SPR binding analysis of correct and mixed complexes. eIF4E (A and D) or eIFiso4E (B and C) were tested for binding to the respective immobilized proteins eIF4G (A and B) or eIFiso4G (C and D). The running buffer contained 20 mm HEPES, 100 mm KCl, 1.0 mm DTT, 0.1 mm EDTA, 100 μm m⁷GTP, 5% glycerol, 0.01% Tween 20, and 0.1 mg/ml BSA, pH 7.6. Starting at 50 nm, a 3-fold dilution series of eIFiso4E or eIF4E were tested in triplicate. The response data were globally fit using Scrubber2 (Biologic Software Pty Ltd) to a 1:1 interaction model to extract binding constants.

FIGURE 8.

Displacement assays.

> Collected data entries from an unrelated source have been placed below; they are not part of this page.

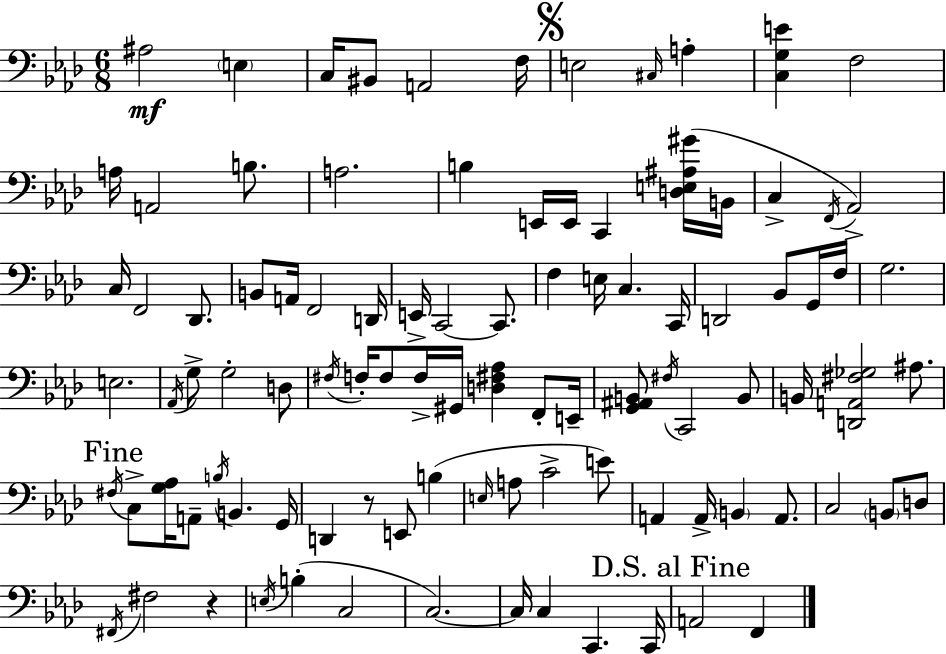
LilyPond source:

{
  \clef bass
  \numericTimeSignature
  \time 6/8
  \key f \minor
  ais2\mf \parenthesize e4 | c16 bis,8 a,2 f16 | \mark \markup { \musicglyph "scripts.segno" } e2 \grace { cis16 } a4-. | <c g e'>4 f2 | \break a16 a,2 b8. | a2. | b4 e,16 e,16 c,4 <d e ais gis'>16( | b,16 c4-> \acciaccatura { f,16 } aes,2->) | \break c16 f,2 des,8. | b,8 a,16 f,2 | d,16 e,16-> c,2~~ c,8. | f4 e16 c4. | \break c,16 d,2 bes,8 | g,16 f16 g2. | e2. | \acciaccatura { aes,16 } g8-> g2-. | \break d8 \acciaccatura { fis16 } f16-. f8 f16-> gis,16 <d fis aes>4 | f,8-. e,16-- <g, ais, b,>8 \acciaccatura { fis16 } c,2 | b,8 b,16 <d, a, fis ges>2 | ais8. \mark "Fine" \acciaccatura { fis16 } c8-> <g aes>16 a,8-- \acciaccatura { b16 } | \break b,4. g,16 d,4 r8 | e,8 b4( \grace { e16 } a8 c'2-> | e'8) a,4 | a,16-> \parenthesize b,4 a,8. c2 | \break \parenthesize b,8 d8 \acciaccatura { fis,16 } fis2 | r4 \acciaccatura { e16 }( b4-. | c2 c2.~~) | c16 c4 | \break c,4. c,16 \mark "D.S. al Fine" a,2 | f,4 \bar "|."
}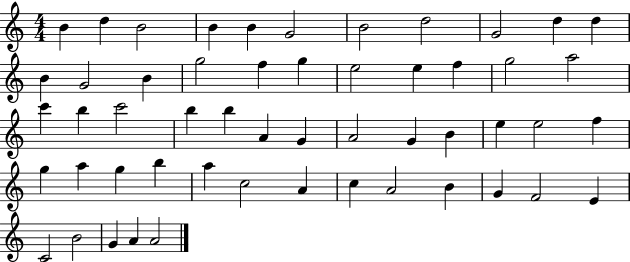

To determine whether the correct cap-binding protein is able to displace a mismatched cap-binding protein in a mixed complex, the indicated amounts of eIF4E or eIFiso4E were added to 2.5 pmol of mixed complexes, eIF4F, or eIFiso4F. A and B were probed with mouse monoclonal antibody (8F7) to eIF4E (1/1000). The blots were stripped and probed with rabbit polyclonal antibody raised to native gel-purified eIFiso4E (1/1000) shown in C and D. The antibody to native eIFiso4E displays a small amount of cross-reactivity with eIFiso4G (see D, eIFiso4G-eIF4E with no eIFiso4E added).